I didn't know what to do so I called Patrick Shannon since he had helped me work on the car that summer. He told me a few things to try but none of them worked. We came to the conclusion that I might be out of gas. It ended up not being that. So I walked a mile to the closes gas station in 100-degree heat. Paid like 20 bucks for a flimsy 1-gallon tank and then filled it with gas and walked the mile back to find my car still wouldn't start.
So I accepted the loss, called a tow truck. A guy that smelled like pickles and cigarettes picked me up. He dropped my car off at a place that had just closed, left me with a bill of $200 dollars, and the only place close that was open was a bar. So I went in ordered a water and a grilled cheese sandwich.
As I was waiting for my family friends to come pick me up, all I wanted to do was cry. At times, I even left my table to go to the bathroom and cry. If I hadn't done that, I would have cried when Bill came in and hugged me.
We got in the car and in the backseat on the hour and a half drive, I thought I was dying. My head felt like it was going to explode. My stomach felt like it was constantly getting punched. But we made it back without me dying and without me throwing up. I slept on my side in fear that I would throw up in the middle of the night and choke on it.
Now, I remember praying before going to bed. When I pray, I always thank God for something that he has done for me that day. As I sat there really thinking that I was going to die that night, it was hard to find one. Now, on this day, I thank him for saving me. You see, taking way too many cafieen pills on less than two hours of sleep and an empty stomach was not a good idea. I was dizzy, had a headache, and my stomach was in the ninth round of a boxing match. That extra 70 miles could have killed me. Who knows what would have happened. I truly believe that God stopped my car from working right when it needed to happen to save me. Now I thank him for that. That day though, I thanked him for the friends he put in my life to help me that day.
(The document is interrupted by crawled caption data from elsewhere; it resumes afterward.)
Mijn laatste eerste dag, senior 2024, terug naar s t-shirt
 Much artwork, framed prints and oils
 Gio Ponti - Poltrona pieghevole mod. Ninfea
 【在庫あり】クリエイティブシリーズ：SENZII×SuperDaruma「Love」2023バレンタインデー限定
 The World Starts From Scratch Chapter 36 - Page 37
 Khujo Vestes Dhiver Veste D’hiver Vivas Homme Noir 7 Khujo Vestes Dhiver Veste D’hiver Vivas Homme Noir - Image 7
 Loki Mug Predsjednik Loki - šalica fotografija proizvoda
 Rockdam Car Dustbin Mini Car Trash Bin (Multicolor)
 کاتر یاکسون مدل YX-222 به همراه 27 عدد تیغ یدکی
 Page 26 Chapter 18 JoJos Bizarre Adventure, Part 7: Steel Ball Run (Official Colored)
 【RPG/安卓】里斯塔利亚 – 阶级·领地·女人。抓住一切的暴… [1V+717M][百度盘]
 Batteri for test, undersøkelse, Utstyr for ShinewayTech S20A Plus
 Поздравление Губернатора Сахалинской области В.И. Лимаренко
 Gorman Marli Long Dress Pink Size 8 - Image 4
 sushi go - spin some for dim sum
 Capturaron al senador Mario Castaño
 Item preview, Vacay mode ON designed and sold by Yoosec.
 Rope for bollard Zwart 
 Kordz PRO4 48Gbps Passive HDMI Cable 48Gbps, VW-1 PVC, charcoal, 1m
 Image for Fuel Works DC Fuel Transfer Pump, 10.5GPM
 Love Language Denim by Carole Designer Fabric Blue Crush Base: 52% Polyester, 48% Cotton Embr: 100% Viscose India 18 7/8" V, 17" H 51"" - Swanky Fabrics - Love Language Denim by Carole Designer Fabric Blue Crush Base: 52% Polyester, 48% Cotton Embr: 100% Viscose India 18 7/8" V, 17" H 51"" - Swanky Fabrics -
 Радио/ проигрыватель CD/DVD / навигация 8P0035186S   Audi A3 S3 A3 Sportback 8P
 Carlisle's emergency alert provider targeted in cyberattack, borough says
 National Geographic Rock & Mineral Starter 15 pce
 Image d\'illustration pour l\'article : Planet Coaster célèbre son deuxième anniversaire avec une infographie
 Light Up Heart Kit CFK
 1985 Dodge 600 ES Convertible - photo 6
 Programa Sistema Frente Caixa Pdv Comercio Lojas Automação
My point after this very long story is that no matter what happens to you on any day, there is always something that God is doing that deserves your thanks. No matter what. Psalm 100:4-5 says, “Enter his gates with thanksgiving, and his courts with praise! Give thanks to him; bless his name! For the Lord is good; his steadfast love endures forever, and his faithfulness to all generations.” God deserves all that thanks; for the good, the bad, and the ugly. I thank him for those trials that he put me through and all the ones that are coming my way. God is great. Thank him each day. Thank him for all of it.